• _Exercise data_

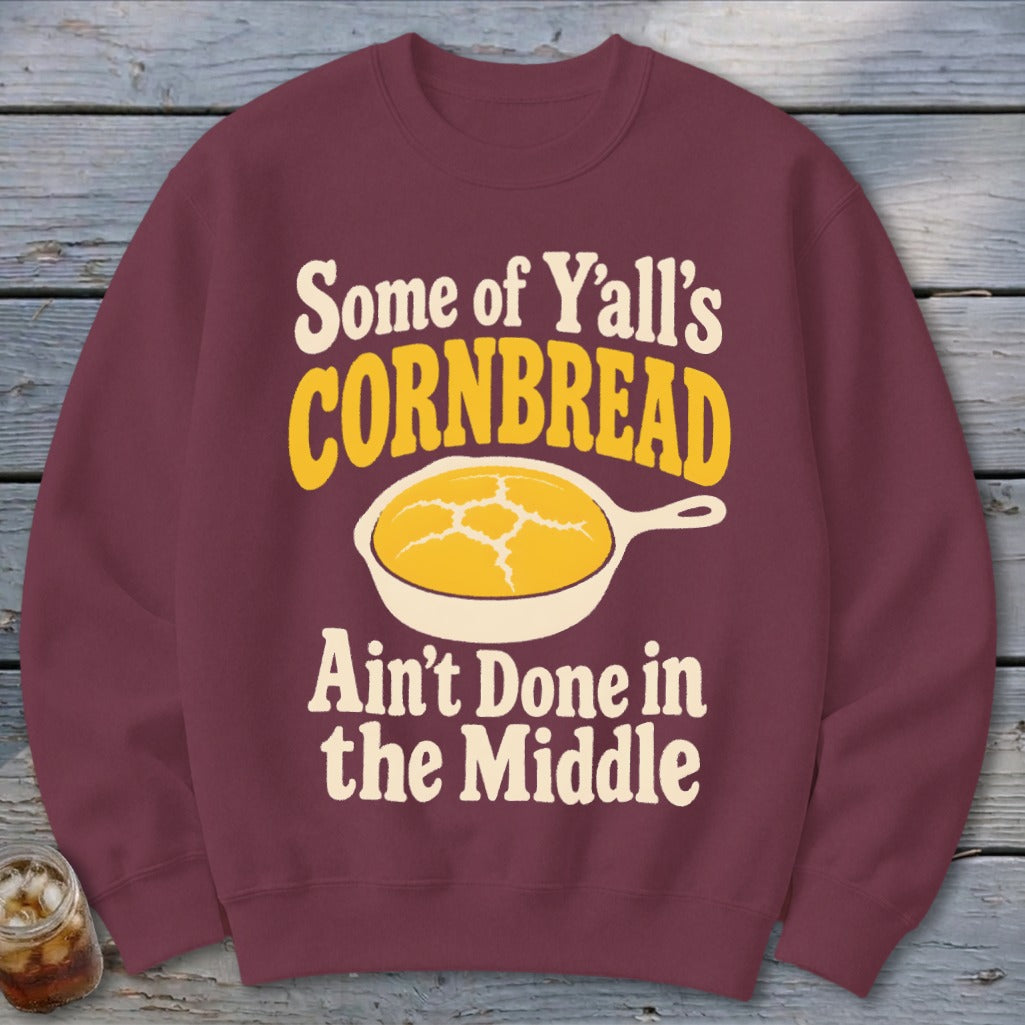 A maroon crewneck sweatshirt with graphic text reading Some of Y'all's Cornbread Ain't Done in the Middle above a skillet of cornbread.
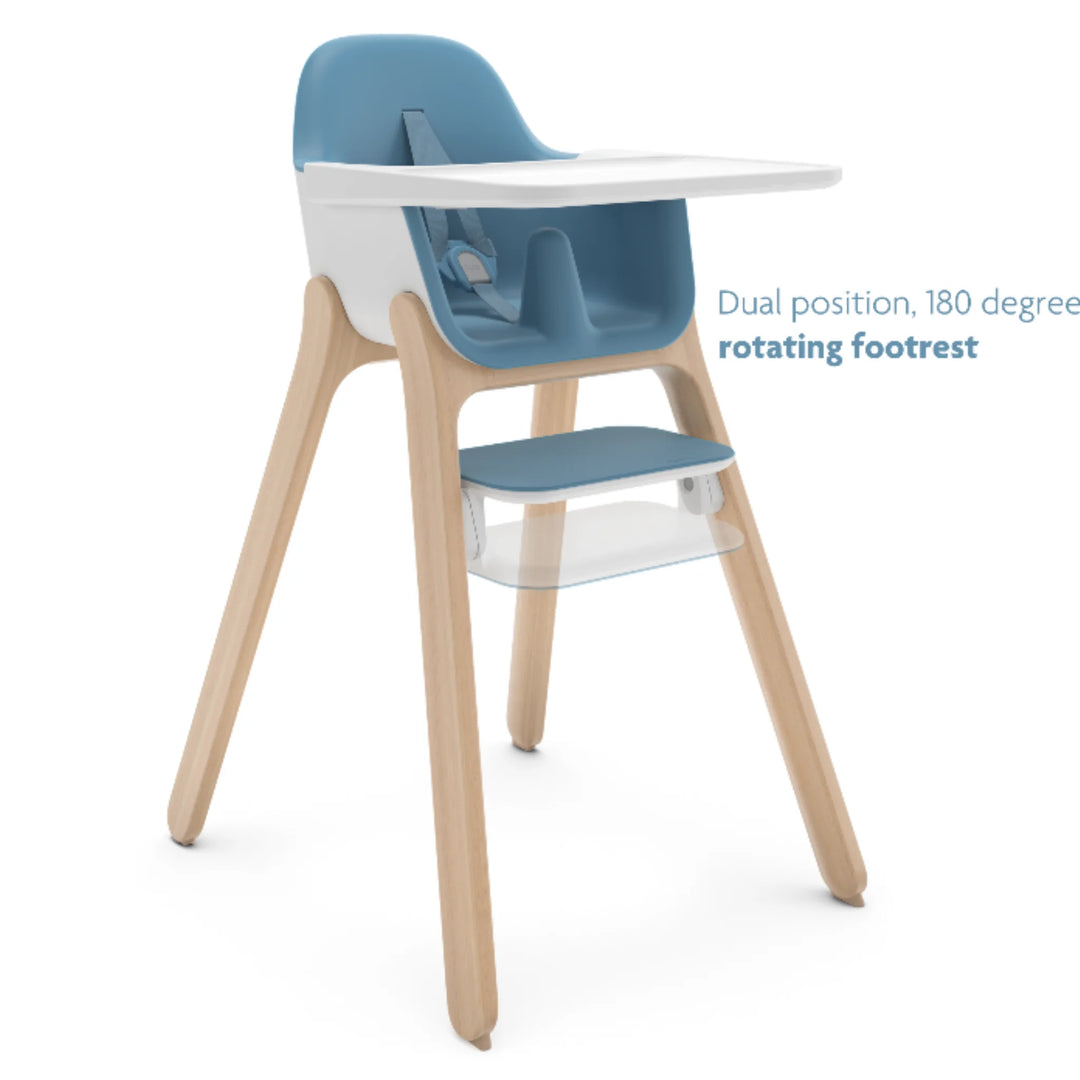 UPPAbaby Ciro High Chair Caleb in blue with dual-position 180-degree rotating footrest, modern wooden-leg baby high chair with adjustable tray and ergonomic seat design.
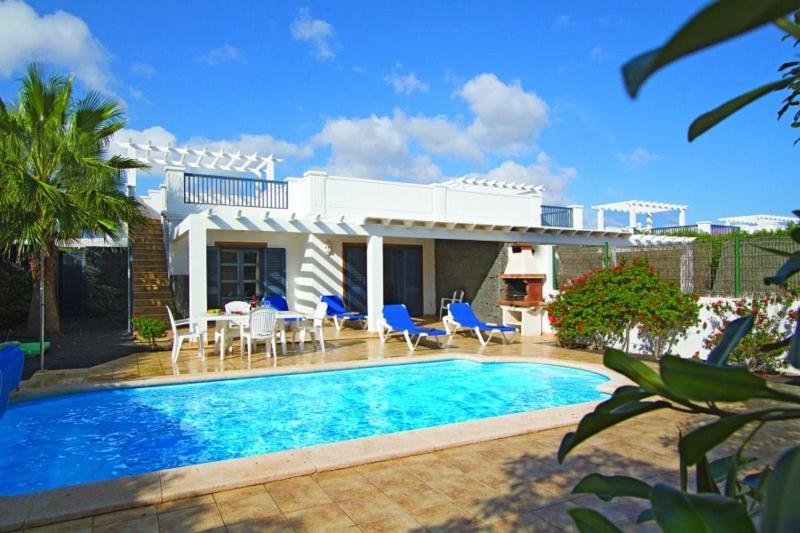 uma villa com piscina em frente a uma casa em Sun Grove Villas & Spa em Playa Blanca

• _Problem requirements_
Every line above should be returned exactly; the pictures stay out.

• _Worked solution_
 A maroon crewneck sweatshirt with graphic text reading Some of Y'all's Cornbread Ain't Done in the Middle above a skillet of cornbread.
 UPPAbaby Ciro High Chair Caleb in blue with dual-position 180-degree rotating footrest, modern wooden-leg baby high chair with adjustable tray and ergonomic seat design.
 uma villa com piscina em frente a uma casa em Sun Grove Villas & Spa em Playa Blanca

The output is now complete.